R. Les sources officielles de l'état-major ukrainien ont reconnu une avancée russe de grande envergure à Donetsk, mais, comme le souligne l'Institut d'études de la guerre, limitée. On parle souvent d'une impasse mais en réalité, selon l'analyse du ministère anglais de la Défense, la situation est en mouvement. Ce qui est le plus déconcertant, c'est le sacrifice humain massif, dans un massacre inutile, pour reprendre l'expression du pape Benoît XV sur les tranchées de la Première Guerre mondiale. Un massacre qui rappelle les tragiques avancés hivernales des forces napoléoniennes à Borodino et de l'armée fasciste germano-italienne, lors des hivers ukrainiens de la Seconde Guerre mondiale. Une génération entière, définie comme la “génération Z” par la propagande de guerre russe, est anéantie par cette guerre, tant du côté russe qu’ukrainien, avec des centaines de milliers de victimes, sans compter les blessés. Les conséquences de cette situation, comme celles de toutes les guerres, pèseront lourdement sur l’avenir. Et comme d'habitude, ce sont les derniers qui paient, les jeunes des régions les plus reculées de Russie et d'Ukraine, sacrifiés en vain, pendant que leurs pairs issus de familles puissantes, passent des vacances dorées à l'Ouest ou font des affaires à Dubaï…

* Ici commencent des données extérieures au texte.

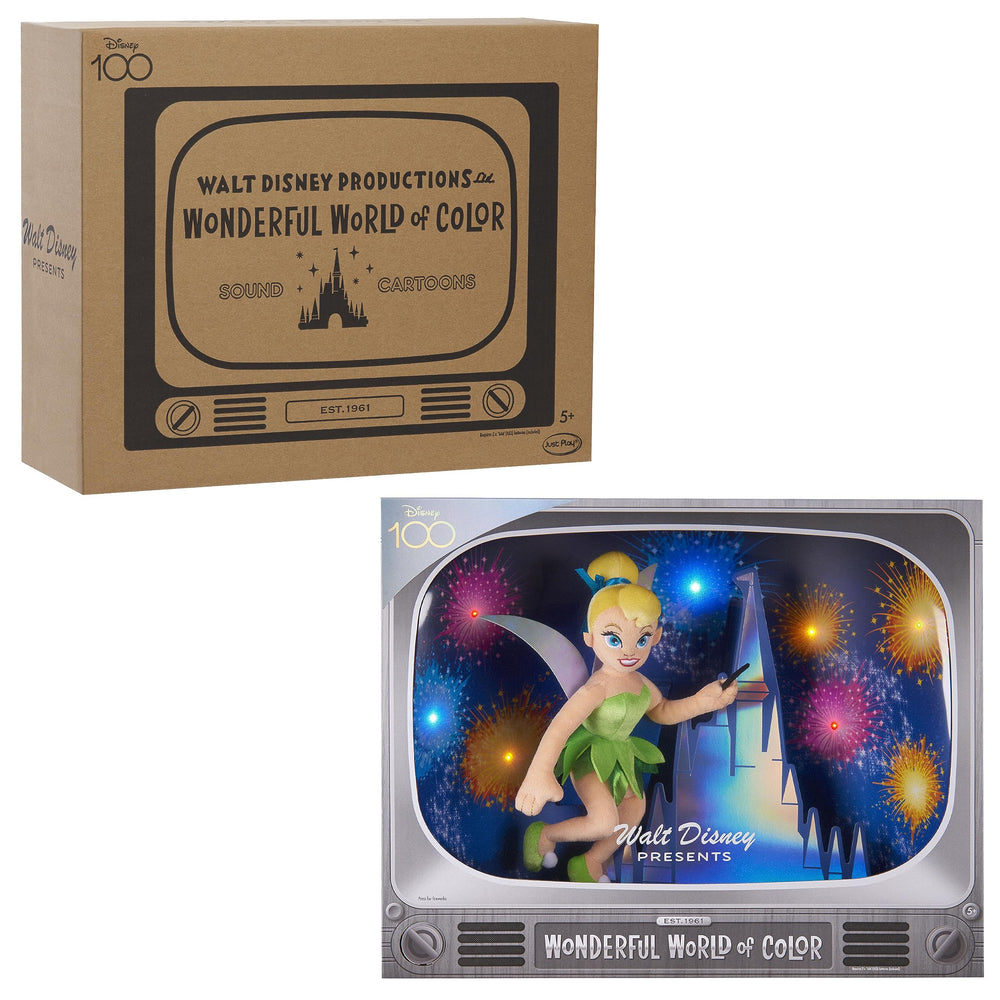 Just Play Tinker Bell plush diorama fireworks scene, captures magical night vibe.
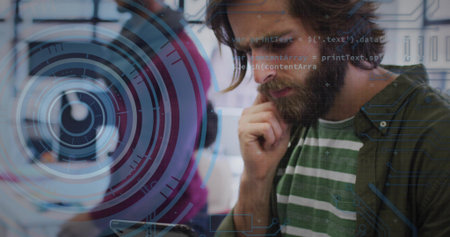 Studying man in striped shirt, olive overshirt in lab with smartphone, holograms, copy space....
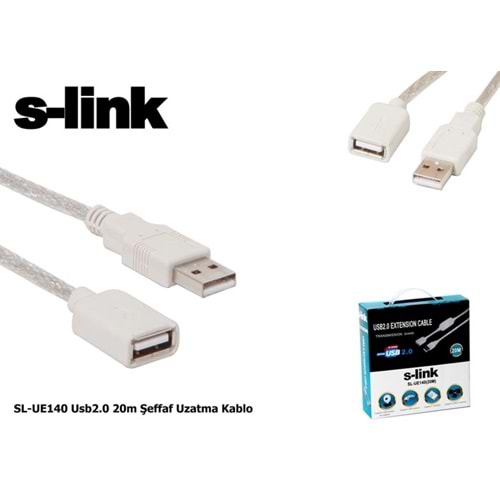 S-LINK SL-UE140 20 Mt USB 2.0 USB Uzatma Kablosu Şeffaf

En même temps, il ne faut pas ignorer la phrase du ministre ukrainien des Affaires étrangères Kuleba, qui a rappelé depuis des mois qu'il “n'y a pas de plan B”, et que la progression des Russes vers l'Europe serait dévastatrice, ce qui risquerait de se produire avec la poursuite indéfinie de la guerre. Nous vivons des années similaires à celles entre 1935 et 1939, lorsque la guerre mondiale planait déjà sur nous, mais l'Europe faisait semblant de ne pas s'en apercevoir, submergée par le vent des nationalismes croisés et en contexte de sanctions inutiles contre l’Allemagne et l’Italie nazi-fascistes. À l'heure actuelle, sur les champs de guerre de l'Est de l'Ukraine, nous nous trouvons confrontés au paradoxe d'une succession de contre-offensives ratées et inachevées. Les Russes voudraient prochainement au moins conquérir tout Donetsk, et les Ukrainiens voudraient démontrer qu'ils sont capables de reconquérir la Crimée, mais les deux ambitions risquent de rester lettre-morte, à moins d'un coup de force des Ukrainiens ou d'un effondrement russe en Crimée dû à une attaque ukrainienne efficace sur le pont de Kertch (détroit de Crimée) qui couperait la Crimée de son ravitaillement russe. 2024 ne sera décisive que si une crise inattendue survient de l'un des deux côtés.